Tidy3D Empowers the Progress in Lithium Niobate Nanophotonics: A Success Story from Professor Marko Lončar’s Lab at Harvard University
Renowned for its expertise in diamond photonics, the Lončar Lab at Harvard University has expanded its focus to lithium niobate in recent years, pioneering new avenues in the fabrication of photonic structures. The Lončar Lab has developed sophisticated in-house fabrication technologies, which can be used to quickly test the performance of designed devices. However, designing lithium niobate photonics often requires the designers to explore a large parameter space, which means too many chips must be fabricated and tested. Therefore, it’s critical to have a reliable numerical simulation tool to help with the design. Unfortunately, traditional 3D full-wave simulations are very slow. Tony Song, currently a graduate student from the Lončar Lab, and his teammates often rely on their efficient fabrication techniques and excellent testing capabilities for the parameter tuning of their designs rather than running numerical simulations. As another workaround, Tony also used to run highly simplified simulations to model devices, which is often not sufficiently accurate.
Recently, Tony and his teammates discovered Tidy3D. With the help of Tidy3D’s ultrafast simulations, they have already had exciting results that will be published in top scientific journals.
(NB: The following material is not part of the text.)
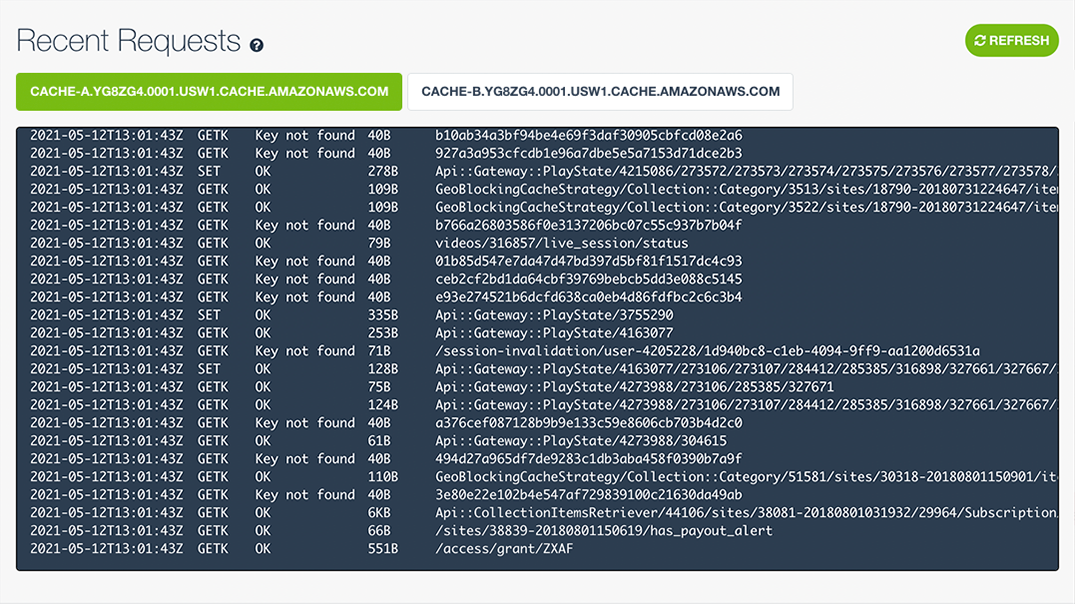 The Recent Requests cache introspection feature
Currently, Tony and his colleagues mainly use Tidy3D to design diamond photonic crystal cavities and passive lithium niobate components such as directional and grating couplers. In addition, they have also started to use inverse design to optimize some passive components.
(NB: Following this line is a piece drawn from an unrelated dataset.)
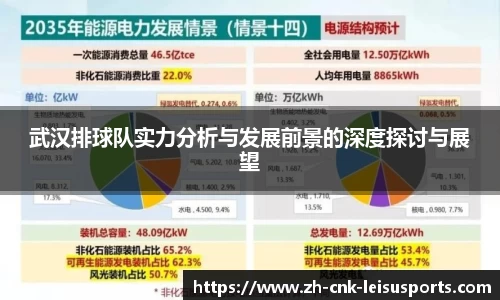 雷速体育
Tony highly praised the well-designed user interface of Tidy3D compared to other simulation tools he has tried previously. The intuitive Python API of Tidy3D integrates effortlessly into his existing workflow, and the capabilities for importing and exporting GDS files facilitate a smooth transition between simulation and actual cleanroom fabrication. Moreover, Tony has commended the technical support team at Tidy3D for their prompt and effective assistance. Tony ran a broadband simulation in one specific case, but the result obtained had a strange discontinuity in the lower end of the wavelength range. Puzzled by the result, Tony contacted Tom and Emerson, the Senior Photonics Engineers at Flexcompute. They did a test together to identify the issue. “They helped me think a different way about the problem. Looking back, you might feel the solution was rather obvious, but it would have taken me a long time to figure that out myself. It’s always helpful to reach out to [Flexcompute’s] experts and get their opinion on the matter,” said Tony.
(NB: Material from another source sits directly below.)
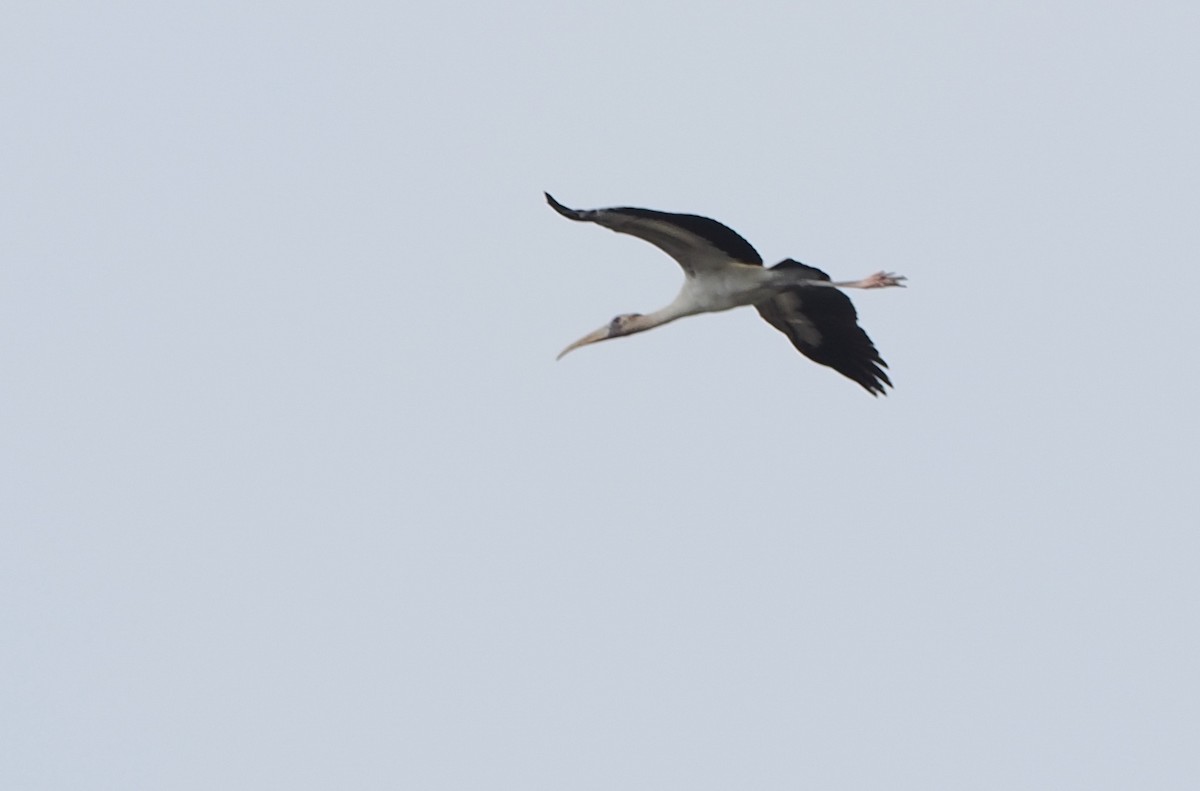 Wood Stork - ML614317112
However, Tony and his teammates’ long-term goal is to explore active components utilizing the large electro-optic coefficient and nonlinear coefficients of lithium niobate. This vision aligns perfectly with Tidy3D’s development blueprint as the Tidy3D team continues to develop more advanced nonlinearity features and multi-physics solvers. These additions enable more rigorous simulations in thermo-optic and electro-optic domains, which is essential for the work Tony and his lab aspire to undertake.
The success story of Tidy3D in the Lončar Lab underscores the software’s pivotal role in advancing nanophotonics research. From its user-friendly interface and fast simulation speed to its advanced features, such as nonlinearity and inverse design plugins, Tidy3D has proven to be a transformative tool. As the Lončar Lab continues to explore new frontiers in photonics, Tidy3D stands as an essential companion, empowering researchers to unlock novel insights and accelerate the pace of discovery in the ever-evolving field of nanophotonics.